• _DATA BLOCK_:
*****
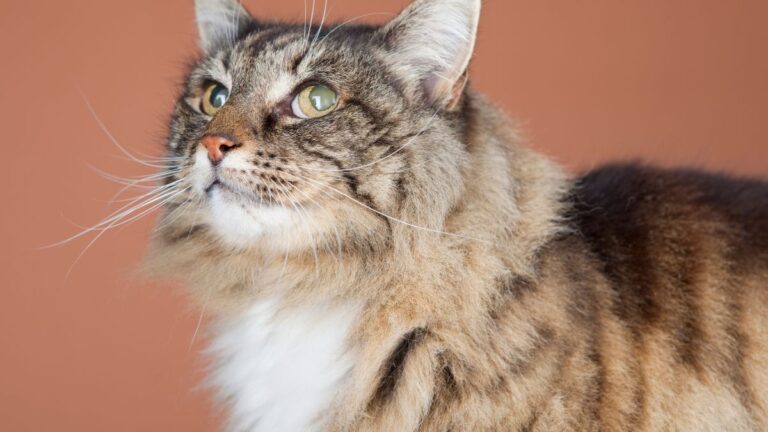 moumousse-chat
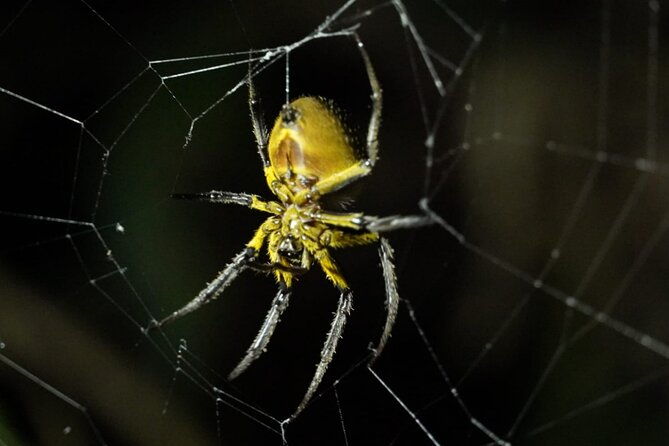 3-days-manu-park-tour-with-accommodation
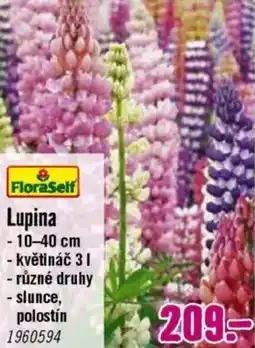 Hornbach Lupina nabídka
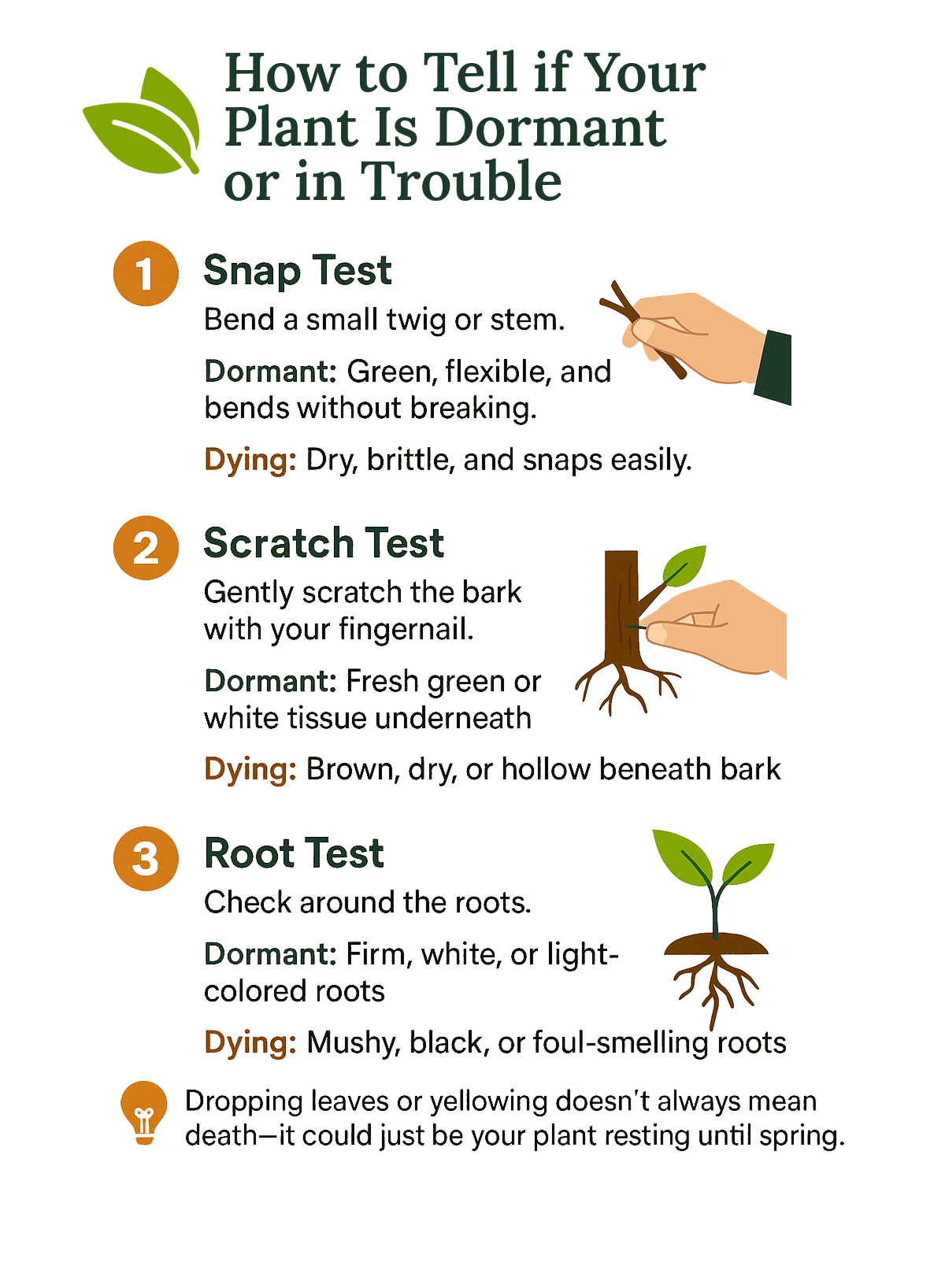 How to Tell if Your Plant Is Dormant or in Trouble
*****
• _EXERCISE_: Leave every picture out and set down exactly the lines running from the one with "3-days-manu-park-tour-with-accommodation" to the last line of the material above.

• _COMPLETED TASK_:
 3-days-manu-park-tour-with-accommodation
 Hornbach Lupina nabídka
 How to Tell if Your Plant Is Dormant or in Trouble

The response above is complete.